I definitely agree with Heather. Me, I want to inspire people. Even if it's in the smallest of ways. I want to say what I mean and mean what I say and get at least one person to listen. We've all been inspired by someone in our lives, and I want to be that person.
Ronan Harris of the famed EDM band VNV Nation once penned, "At the end of days, at the end of time, when the sun burns out, will any of this matter? Who will be there to remember who we were? Who will be there to know that any of this had meaning for us?" Perhaps it's more of a fatalistic way of viewing life, but I tend to look at it that way. That kept in mind, I think the noblest thing a person can do is to live for himself and to seek whatever makes him happy. Life, liberty, and the pursuit of happiness, you know. Assuming that you are somewhere on the spectrum of what today's societies have defined as "healthy" (or, at the very least, "normal," as the two are not synonymous), then making yourself happy should also include making other people happy. You should not live to make an impact on the world if the process doesnt leave you happy. If you wish to make an impact on the world because it would make you happy, then that's a different story, and I say go for it. Because you will die. Eventually, you will be forgotten, despite your sincerest efforts --perhaps because people have stopped caring or because the universe will terminate just as it was created. Bottom Line: Live for you, man. xx Wreybies, as always, contributes to the discussion with wonderful insight that makes me think. We must think with our brains and not our hearts if our interest is indeed the greater good and the betterment of the world. Programs like the world food bank and the like just dont work. The ship is sinking, and the number of lifeboats is finite. Suffering is inescapable; rejecting that absolute truth is delusional. Perhaps it is noble to search for the social cure, but it isnt rational. (So is it really noble?) Shall I stop myself now?

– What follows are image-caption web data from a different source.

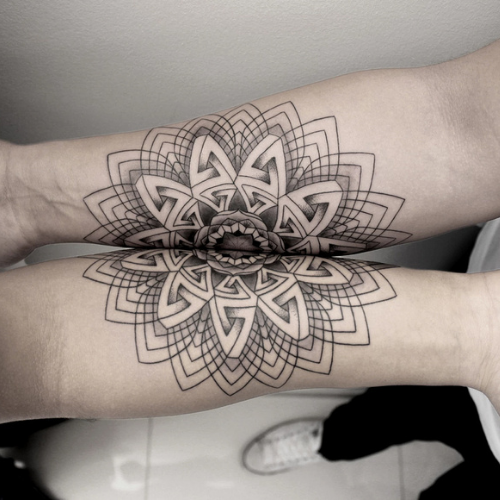 mandala across two arms making one sacred geometry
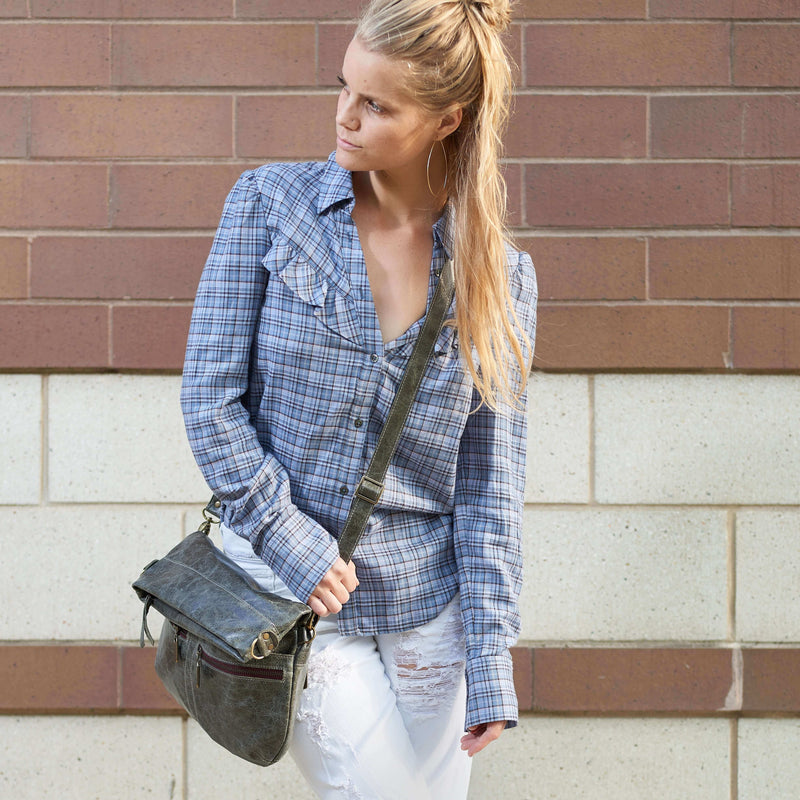 Woman wearing a plaid shirt and white jeans, carrying a Mini Lauren 6-in-1 convertible leather crossbody bag in River Rock.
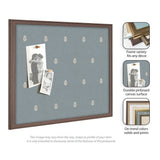 Rectangular pinboard with a muted blue canvas featuring a repeating light beige botanical print, framed in a medium brown wood, holding two vintage-style black-and-white photos.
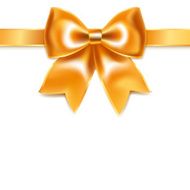 Golden bow of silk ribbon isolated on white background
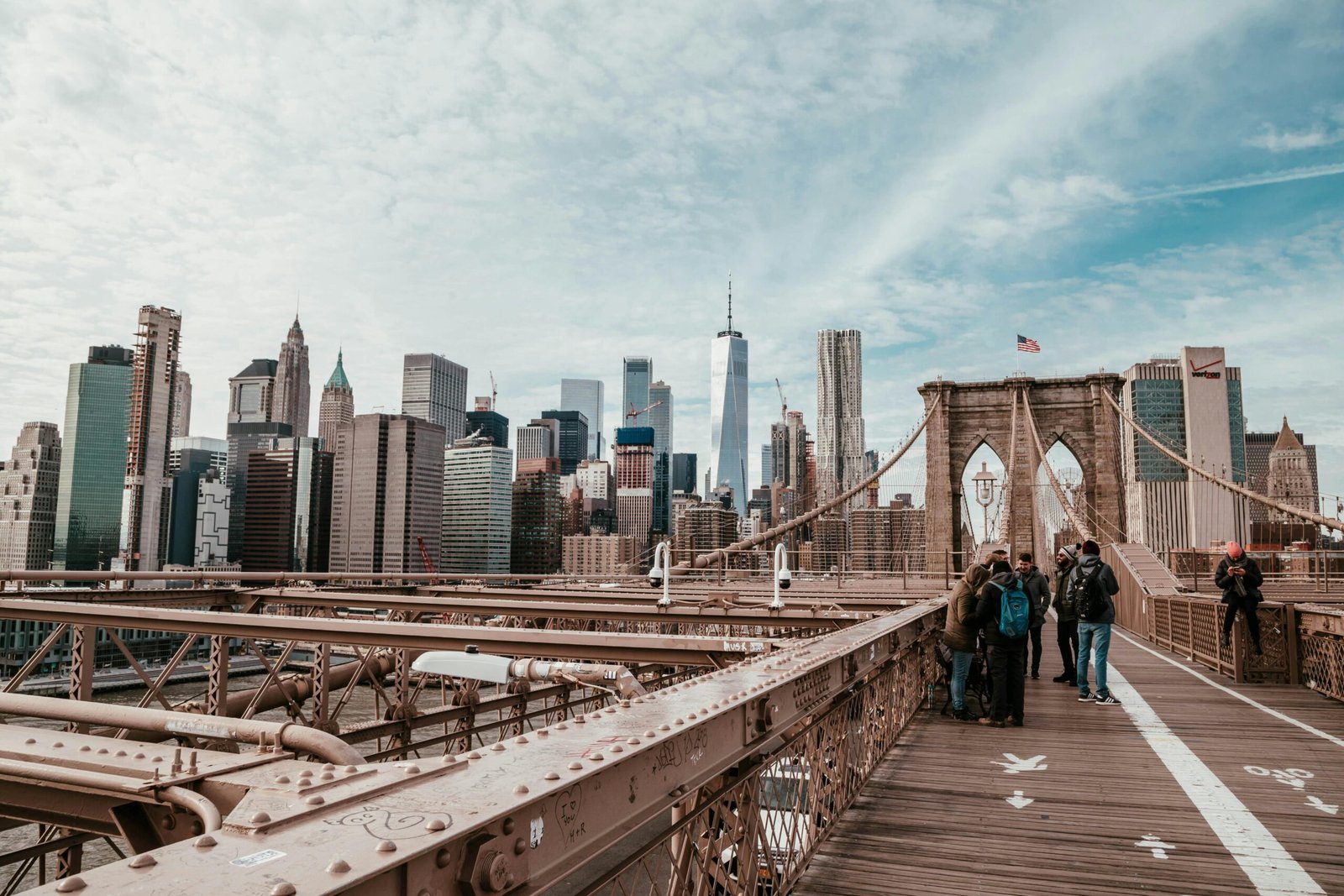 Explore the iconic Brooklyn Bridge with a breathtaking view of New York City's skyline. Perfect for urban travel enthusiasts.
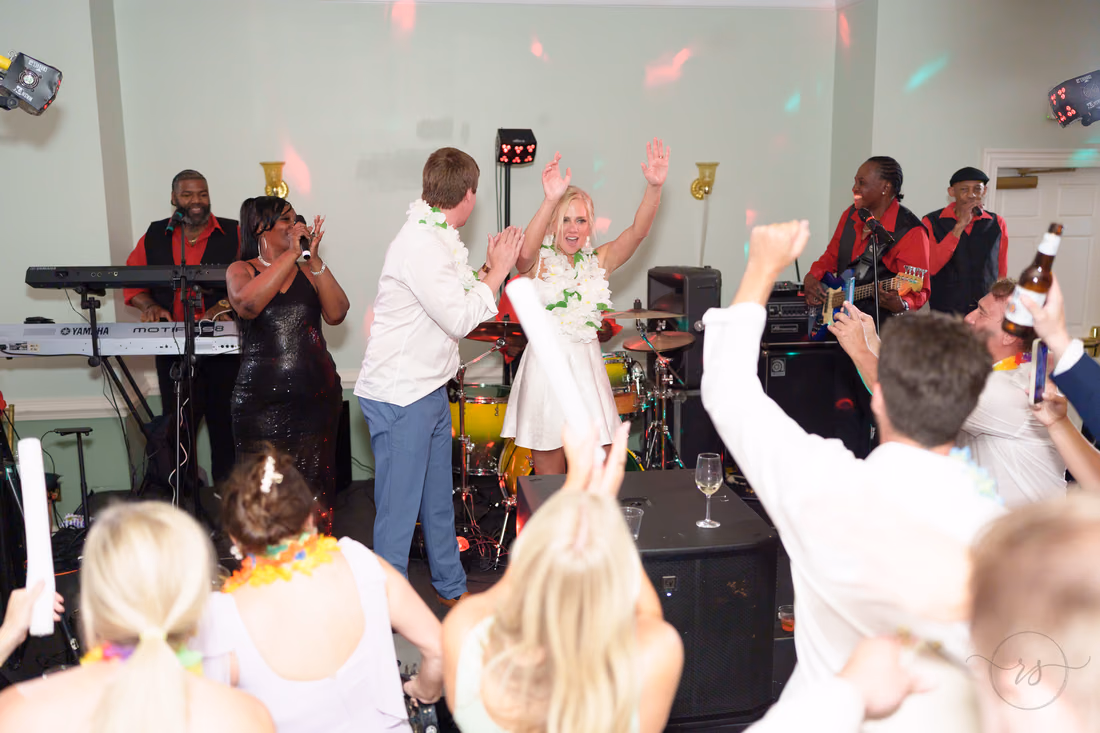 Bride and groom on the stage - Pawleys Plantation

I have to agree with this. Adding to it, strength is achieved through struggle. Sure, you could help someone, but you'd be robbing him of some/all of his struggling, thus robbing him of strength. And we all know that theft is illegal. Though there are limits. If someone is obviously in a world of trouble with no visible way out, then it's only reasonable to lend a hand. And a small kindness here and there isn't going to hurt anyone. I just don't think you should get addicted to take on other people's challenges. You're ultimately doing them a disservice. All that said, wars are pretty infantile. An unnecessary struggle. The person who comes up with a way to stop them from happening should be hailed the Hero of the World.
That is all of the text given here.